I have been a primary care physician since 1994 and have been reflecting on the tragic murder of the CEO of UnitedHealthcare. The crime stands as a stark reflection of the profound frustrations many Americans feel toward the current health care system, which have been escalating for as long as I can remember. While the act itself is abhorrent and indefensible, its occurrence sheds light on deep systemic issues that have festered for decades. The structure of the U.S. health care system—one in which profit often takes precedence over patient care—has created a dynamic where billions of dollars in revenue are generated, yet millions of Americans struggle to access or afford the care they need. Insurance companies, including major players like UnitedHealthcare, operate in a system where their financial success hinges, paradoxically, on managing—or even denying—claims rather than ensuring the health and well-being of the population they serve. This event, shocking as it is, feels less surprising when considered in the broader context of America’s health care and current psychosocial landscape.
The American health care system is an outlier among developed nations, with its overwhelming focus on profit rather than universal access. Large insurance companies generate billions annually, benefiting from a system where the sick—rather than the healthy—drive revenue. This misalignment of incentives fosters mistrust among patients, who often feel trapped between skyrocketing premiums, unaffordable and often unattainable medications, and opaque billing practices. For many, the health care system appears less as a safety net and more as an obstacle course, leading to mounting resentment and hopelessness. This discontent is exacerbated by the growing wealth divide in the United States. While CEOs of major health care corporations receive multimillion-dollar compensation packages, many Americans cannot afford basic care. This stark inequity highlights systemic failures and fuels anger among those who feel abandoned by a system that prioritizes profits over lives. This feeling of abandonment is felt by patients and by most practicing physicians.
Additionally, the ease of access to firearms in the United States further compounds these tensions.
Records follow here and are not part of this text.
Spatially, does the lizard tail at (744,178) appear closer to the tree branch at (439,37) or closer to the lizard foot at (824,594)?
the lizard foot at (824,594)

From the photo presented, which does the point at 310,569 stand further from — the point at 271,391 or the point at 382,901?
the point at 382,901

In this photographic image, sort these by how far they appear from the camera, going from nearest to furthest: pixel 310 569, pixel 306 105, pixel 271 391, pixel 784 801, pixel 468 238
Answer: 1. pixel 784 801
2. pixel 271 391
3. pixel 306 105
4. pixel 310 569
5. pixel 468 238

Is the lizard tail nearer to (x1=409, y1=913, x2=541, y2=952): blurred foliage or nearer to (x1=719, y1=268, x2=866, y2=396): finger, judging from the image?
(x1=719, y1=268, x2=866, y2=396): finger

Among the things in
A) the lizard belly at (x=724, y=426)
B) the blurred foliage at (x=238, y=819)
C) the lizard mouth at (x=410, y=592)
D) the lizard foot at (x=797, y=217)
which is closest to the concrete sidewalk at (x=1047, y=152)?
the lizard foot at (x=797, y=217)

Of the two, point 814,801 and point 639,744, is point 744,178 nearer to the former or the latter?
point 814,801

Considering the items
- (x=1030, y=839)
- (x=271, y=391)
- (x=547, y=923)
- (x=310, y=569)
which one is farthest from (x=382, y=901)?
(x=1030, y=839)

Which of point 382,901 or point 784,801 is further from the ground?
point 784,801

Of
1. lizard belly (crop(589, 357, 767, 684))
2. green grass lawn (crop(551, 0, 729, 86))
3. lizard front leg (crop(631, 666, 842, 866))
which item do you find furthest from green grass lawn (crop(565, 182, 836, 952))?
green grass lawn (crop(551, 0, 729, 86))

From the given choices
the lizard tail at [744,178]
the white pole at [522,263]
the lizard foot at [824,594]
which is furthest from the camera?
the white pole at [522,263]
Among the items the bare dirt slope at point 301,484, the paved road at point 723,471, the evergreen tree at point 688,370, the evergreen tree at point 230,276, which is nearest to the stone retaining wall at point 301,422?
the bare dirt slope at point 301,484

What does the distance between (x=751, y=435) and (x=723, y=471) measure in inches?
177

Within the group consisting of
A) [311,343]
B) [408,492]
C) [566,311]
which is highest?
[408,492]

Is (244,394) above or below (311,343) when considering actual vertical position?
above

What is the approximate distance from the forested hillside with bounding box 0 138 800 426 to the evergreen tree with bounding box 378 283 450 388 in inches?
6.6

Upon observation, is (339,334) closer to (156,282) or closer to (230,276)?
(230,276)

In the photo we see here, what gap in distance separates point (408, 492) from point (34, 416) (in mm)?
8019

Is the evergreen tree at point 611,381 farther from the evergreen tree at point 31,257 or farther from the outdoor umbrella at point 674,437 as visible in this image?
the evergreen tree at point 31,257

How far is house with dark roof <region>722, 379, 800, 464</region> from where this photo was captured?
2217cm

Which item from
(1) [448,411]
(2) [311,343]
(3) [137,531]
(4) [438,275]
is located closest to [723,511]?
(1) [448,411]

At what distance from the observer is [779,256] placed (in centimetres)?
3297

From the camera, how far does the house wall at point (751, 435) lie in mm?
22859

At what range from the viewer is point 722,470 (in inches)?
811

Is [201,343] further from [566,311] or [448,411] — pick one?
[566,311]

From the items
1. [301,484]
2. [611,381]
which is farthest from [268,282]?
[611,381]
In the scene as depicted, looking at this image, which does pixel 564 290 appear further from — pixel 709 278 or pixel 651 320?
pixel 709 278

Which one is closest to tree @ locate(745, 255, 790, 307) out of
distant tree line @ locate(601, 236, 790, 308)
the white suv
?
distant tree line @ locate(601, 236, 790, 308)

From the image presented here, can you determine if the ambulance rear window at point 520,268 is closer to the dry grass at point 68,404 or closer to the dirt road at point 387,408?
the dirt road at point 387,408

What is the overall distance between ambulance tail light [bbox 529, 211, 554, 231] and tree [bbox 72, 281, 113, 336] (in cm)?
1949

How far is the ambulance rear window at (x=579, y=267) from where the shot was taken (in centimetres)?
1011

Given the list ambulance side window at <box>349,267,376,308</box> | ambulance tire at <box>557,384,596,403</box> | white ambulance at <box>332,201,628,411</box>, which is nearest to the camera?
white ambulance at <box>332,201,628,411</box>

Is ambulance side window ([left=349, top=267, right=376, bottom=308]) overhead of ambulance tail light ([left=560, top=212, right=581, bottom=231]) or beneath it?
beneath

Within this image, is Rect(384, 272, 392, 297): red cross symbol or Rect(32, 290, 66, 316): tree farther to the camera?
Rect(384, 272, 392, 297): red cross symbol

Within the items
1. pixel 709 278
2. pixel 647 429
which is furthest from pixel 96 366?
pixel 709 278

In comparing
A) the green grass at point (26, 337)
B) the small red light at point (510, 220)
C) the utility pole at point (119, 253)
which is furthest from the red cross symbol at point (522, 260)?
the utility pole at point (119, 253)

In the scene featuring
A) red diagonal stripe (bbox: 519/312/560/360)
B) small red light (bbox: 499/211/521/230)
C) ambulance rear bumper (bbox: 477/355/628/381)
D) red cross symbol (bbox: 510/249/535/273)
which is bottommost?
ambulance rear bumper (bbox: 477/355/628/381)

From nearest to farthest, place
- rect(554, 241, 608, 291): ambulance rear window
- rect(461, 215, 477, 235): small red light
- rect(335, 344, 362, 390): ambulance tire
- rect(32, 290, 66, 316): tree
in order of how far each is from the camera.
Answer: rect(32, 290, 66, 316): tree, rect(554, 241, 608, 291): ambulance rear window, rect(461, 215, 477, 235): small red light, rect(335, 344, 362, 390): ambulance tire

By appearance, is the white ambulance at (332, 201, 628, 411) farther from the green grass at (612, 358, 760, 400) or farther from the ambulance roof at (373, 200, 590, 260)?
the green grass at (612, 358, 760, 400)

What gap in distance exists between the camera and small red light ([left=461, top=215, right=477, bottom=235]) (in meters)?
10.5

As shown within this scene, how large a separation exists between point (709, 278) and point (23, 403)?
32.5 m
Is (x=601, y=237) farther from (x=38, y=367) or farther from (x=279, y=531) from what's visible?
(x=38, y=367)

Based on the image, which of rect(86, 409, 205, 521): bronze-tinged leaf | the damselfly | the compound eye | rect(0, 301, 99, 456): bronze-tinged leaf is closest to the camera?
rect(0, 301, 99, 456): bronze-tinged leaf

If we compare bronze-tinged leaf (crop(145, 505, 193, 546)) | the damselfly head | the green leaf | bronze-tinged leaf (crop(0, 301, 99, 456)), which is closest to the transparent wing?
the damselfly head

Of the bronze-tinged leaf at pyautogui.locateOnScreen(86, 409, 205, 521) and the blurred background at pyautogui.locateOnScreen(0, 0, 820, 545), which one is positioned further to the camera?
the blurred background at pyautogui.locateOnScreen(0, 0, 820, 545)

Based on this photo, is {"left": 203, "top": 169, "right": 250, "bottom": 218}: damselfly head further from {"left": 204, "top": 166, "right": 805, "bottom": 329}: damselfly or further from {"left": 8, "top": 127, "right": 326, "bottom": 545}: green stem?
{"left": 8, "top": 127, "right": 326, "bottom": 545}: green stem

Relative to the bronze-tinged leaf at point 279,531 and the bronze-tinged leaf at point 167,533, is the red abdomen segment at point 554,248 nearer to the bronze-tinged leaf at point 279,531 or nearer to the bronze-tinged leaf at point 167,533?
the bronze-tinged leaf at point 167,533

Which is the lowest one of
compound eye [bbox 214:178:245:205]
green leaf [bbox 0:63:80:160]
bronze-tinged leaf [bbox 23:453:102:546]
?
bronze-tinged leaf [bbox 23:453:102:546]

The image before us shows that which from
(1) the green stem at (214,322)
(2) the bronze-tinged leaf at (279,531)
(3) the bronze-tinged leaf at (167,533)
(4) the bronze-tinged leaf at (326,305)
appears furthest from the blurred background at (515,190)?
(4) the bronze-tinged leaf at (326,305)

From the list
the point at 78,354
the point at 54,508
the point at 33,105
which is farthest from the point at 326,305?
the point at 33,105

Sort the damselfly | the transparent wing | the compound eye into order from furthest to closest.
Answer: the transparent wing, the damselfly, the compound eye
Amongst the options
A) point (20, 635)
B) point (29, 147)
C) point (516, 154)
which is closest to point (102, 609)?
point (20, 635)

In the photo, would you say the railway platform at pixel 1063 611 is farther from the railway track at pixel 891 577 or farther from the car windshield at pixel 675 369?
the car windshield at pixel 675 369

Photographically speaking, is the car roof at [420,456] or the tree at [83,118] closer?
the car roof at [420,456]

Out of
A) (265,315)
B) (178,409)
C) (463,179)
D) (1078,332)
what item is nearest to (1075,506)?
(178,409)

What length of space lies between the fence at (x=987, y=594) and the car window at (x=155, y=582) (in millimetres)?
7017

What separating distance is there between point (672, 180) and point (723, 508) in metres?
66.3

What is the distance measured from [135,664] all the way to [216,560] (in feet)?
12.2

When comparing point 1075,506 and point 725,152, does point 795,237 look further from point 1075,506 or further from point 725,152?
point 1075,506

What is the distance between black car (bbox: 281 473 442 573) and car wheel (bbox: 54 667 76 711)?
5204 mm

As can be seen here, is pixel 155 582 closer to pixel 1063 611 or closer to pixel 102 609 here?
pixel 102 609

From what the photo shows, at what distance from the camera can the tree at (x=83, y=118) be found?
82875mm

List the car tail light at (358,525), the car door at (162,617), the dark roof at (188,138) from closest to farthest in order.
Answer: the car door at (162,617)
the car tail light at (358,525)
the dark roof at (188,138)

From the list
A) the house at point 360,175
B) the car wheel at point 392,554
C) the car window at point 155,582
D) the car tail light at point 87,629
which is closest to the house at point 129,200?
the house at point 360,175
Guns are easily obtainable in this country, and their ubiquity turns anger and frustration into potentially lethal outcomes—something we have seen repeatedly in public places that should be safe. In a society where individuals are increasingly polarized and alienated, the combination of systemic inequities and readily accessible weapons creates a volatile mix. The murder of the UnitedHealthcare CEO is emblematic of this dynamic: a desperate act stemming from a desperate situation.
This tragedy also underscores the broader implications of America’s failure to address both gun violence and economic inequality. Both issues are deeply interconnected with the frustrations patients feel about health care. Those struggling to make ends meet or grappling with insurmountable medical bills are more likely to feel that they have been left behind by a system that claims to protect them. The cumulative effect of these pressures pushes some individuals to the breaking point.
In the face of such crises, it is critical to recognize that reform is not only necessary but achievable. In his sentinel 2024 policy article, “Envisioning a Better U.S. Health Care System for All: Health Care Delivery and Payment System Reforms,” Robert Doherty of the American College of Physicians outlined a framework for improving the American health care system. Doherty’s vision emphasized the need for systemic reforms that prioritize patient outcomes, equity, and access. His words resonate today more than ever: better is not only possible, but it is also imperative for the survival of a just and functional society. Reforming the health care system requires addressing both its profit-driven nature and the broader societal factors that exacerbate its failures. Policies that reduce financial barriers to care, such as expanding access to affordable insurance, regulating drug prices, and incentivizing preventive care, are essential. Moreover, addressing the root causes of wealth inequality and enacting sensible gun control measures are equally critical to fostering a safer and more equitable society.
The murder of the UnitedHealthcare CEO is a grim reminder of the stakes at hand. While the act itself must be unequivocally condemned, it serves as a warning sign that our society has been pushed to its limits. The health care system in the United States is at a breaking point, and the need for reform has never been more urgent. This tragic event should not be dismissed as an isolated incident but rather as a call to action for policymakers, health care leaders, medical organizations, and society at large. We must confront the uncomfortable truths about our health care system and work toward a future where better is not just possible but realized. The time for change is now, and we cannot afford to wait for more tragedies to underscore the urgency of this moment.
Susan Y. Lee is an internal medicine physician.